-- Stored data follows --

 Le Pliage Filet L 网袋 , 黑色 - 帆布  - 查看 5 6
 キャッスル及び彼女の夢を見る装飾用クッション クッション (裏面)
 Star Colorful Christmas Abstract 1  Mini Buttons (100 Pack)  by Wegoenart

-- Stored data concluded --
-- Stored data follows --

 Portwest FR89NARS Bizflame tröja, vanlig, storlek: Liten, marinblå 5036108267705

-- Stored data concluded --
-- Stored data follows --

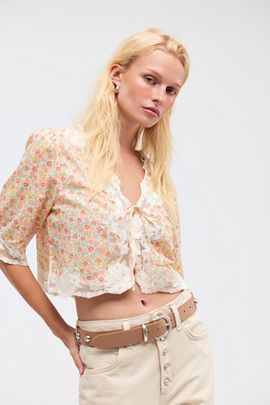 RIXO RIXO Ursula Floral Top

-- Stored data concluded --

* _Exercise details_: Copy out the lines above exactly, beginning at the one that contains "Le Pliage Filet" and ending at the one that contains "Star Colorful Christmas".

* _Expected output_:
 Le Pliage Filet L 网袋 , 黑色 - 帆布  - 查看 5 6
 キャッスル及び彼女の夢を見る装飾用クッション クッション (裏面)
 Star Colorful Christmas Abstract 1  Mini Buttons (100 Pack)  by Wegoenart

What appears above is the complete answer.